● Task:
Only the lines from the one with "VOLKSWAGEN POLO 1.0 MPI TOTAL FLEX MANUAL" through the last line of the data below are to be duplicated, exactly and without pictures.

Records from a dataset:
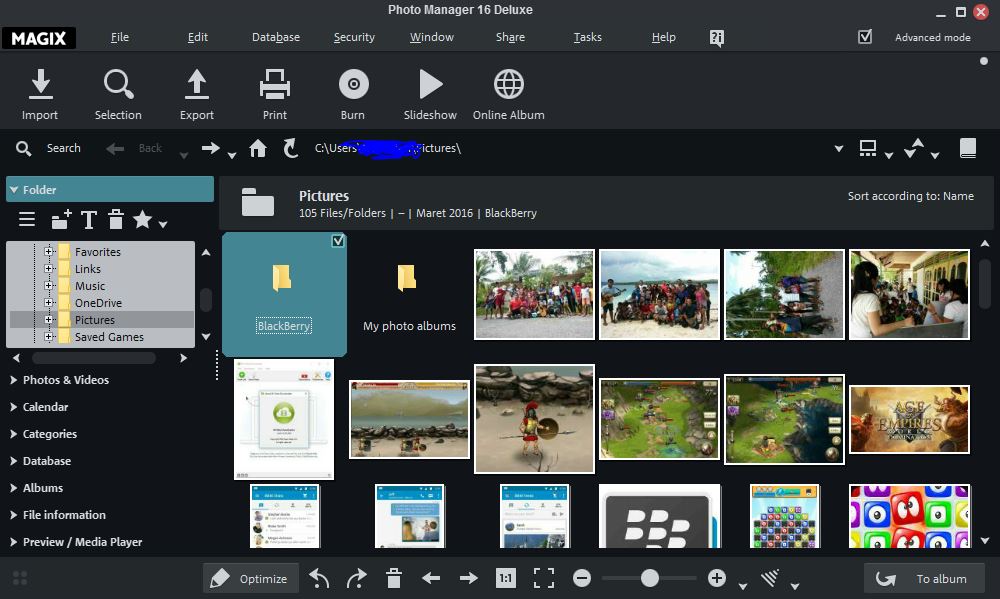MAGIX Photo Manager 17 Deluxe Download Full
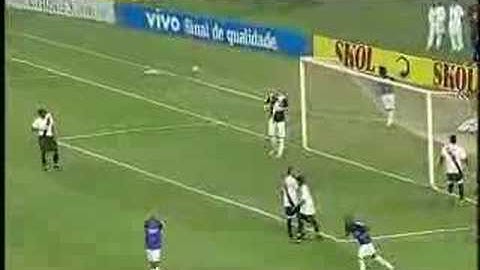30/06/2007 - Cruzeiro 3 x 1 Vasco - Melhores momentos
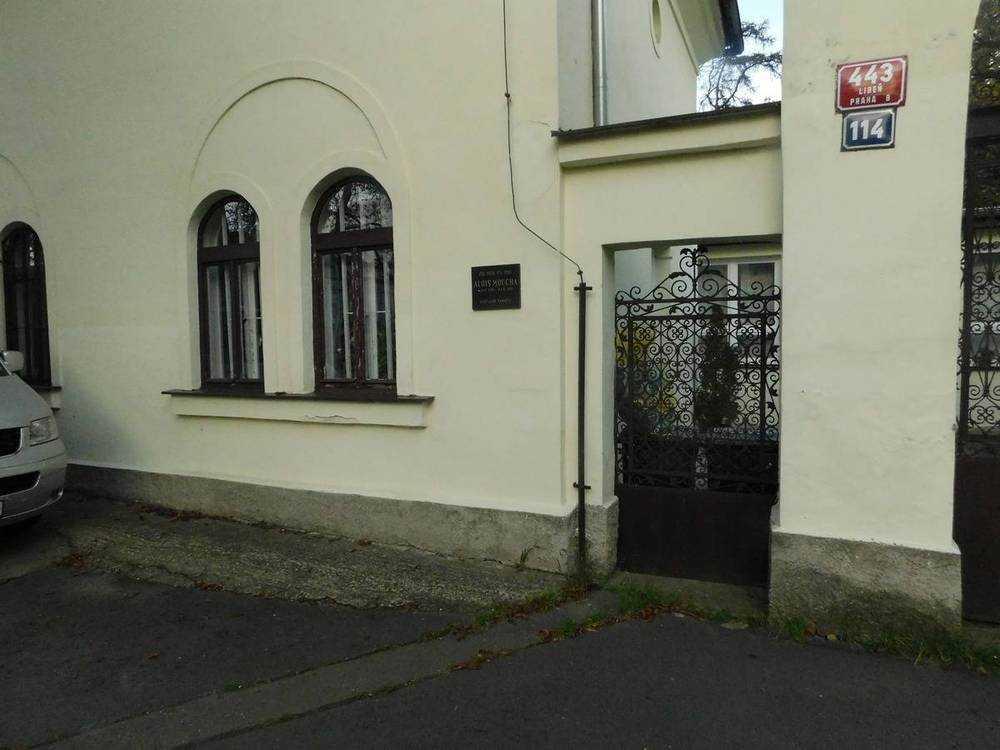 Fotografie objektu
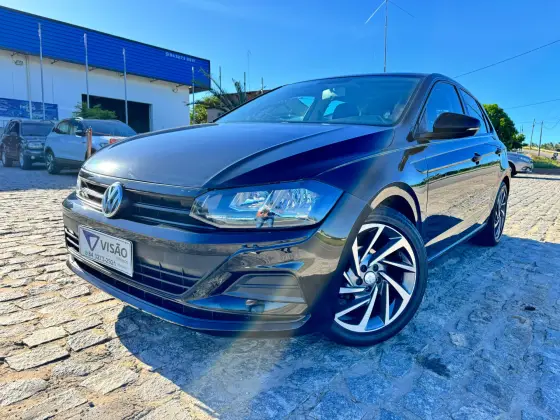 VOLKSWAGEN POLO 1.0 MPI TOTAL FLEX MANUAL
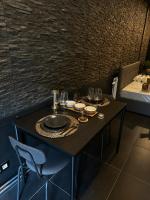 Thera Priva chambre de luxe - Bed and Breakfast Courcelles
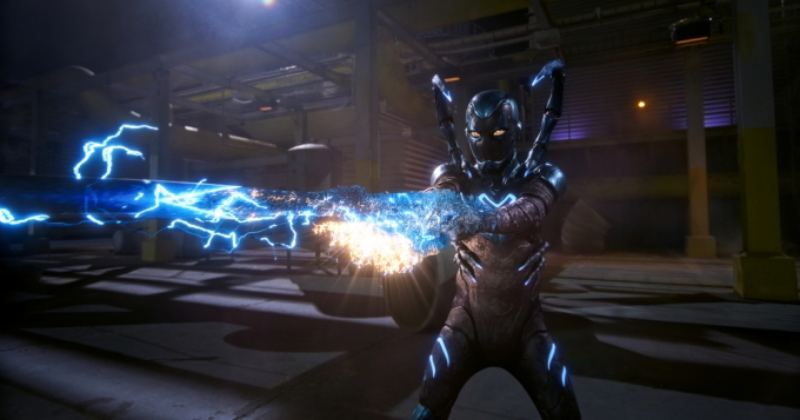 Blue Beetle mở điểm trên Rotten Tomatoes, liệu có trở thành "hắc mã" của DC?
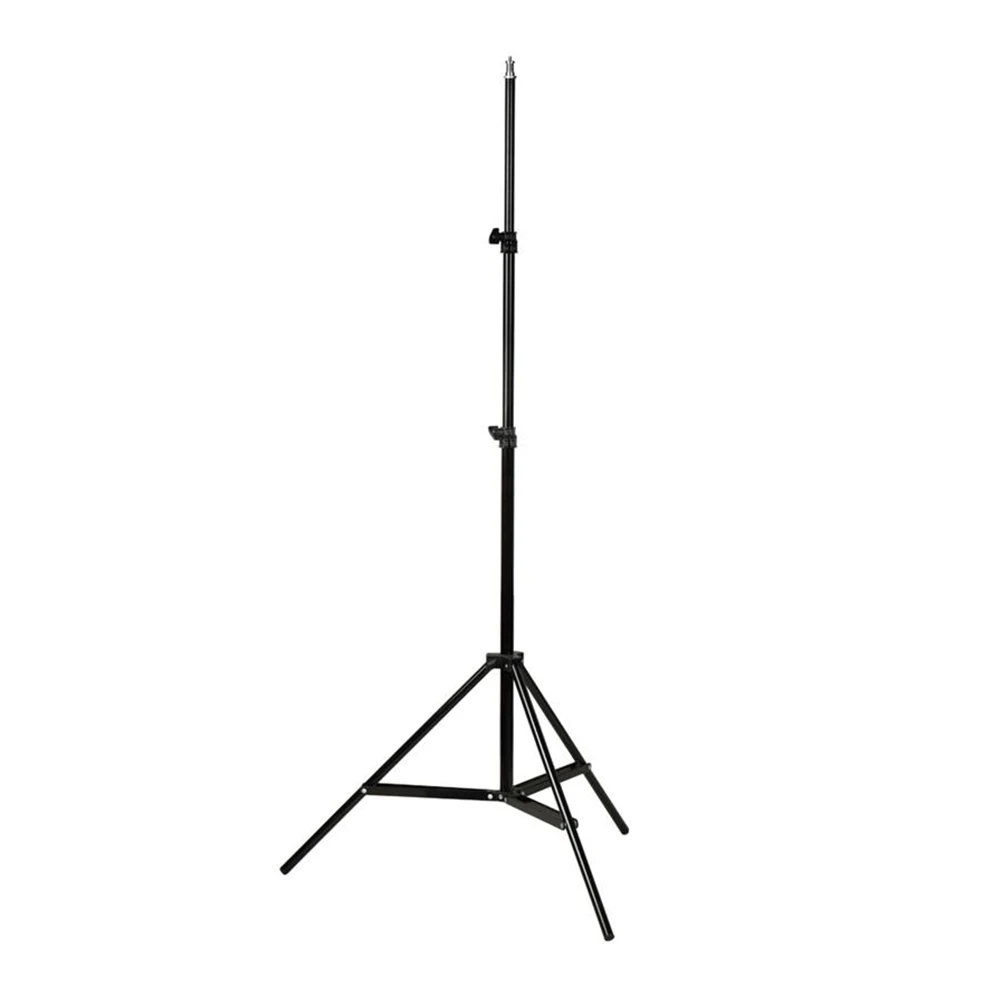 3X Godox LED308C II 3300-5600K светильник адаптером переменного тока + 200 см Свет Стенд CB-05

● Answer to the exercise:
 VOLKSWAGEN POLO 1.0 MPI TOTAL FLEX MANUAL
 Thera Priva chambre de luxe - Bed and Breakfast Courcelles
 Blue Beetle mở điểm trên Rotten Tomatoes, liệu có trở thành "hắc mã" của DC?
 3X Godox LED308C II 3300-5600K светильник адаптером переменного тока + 200 см Свет Стенд CB-05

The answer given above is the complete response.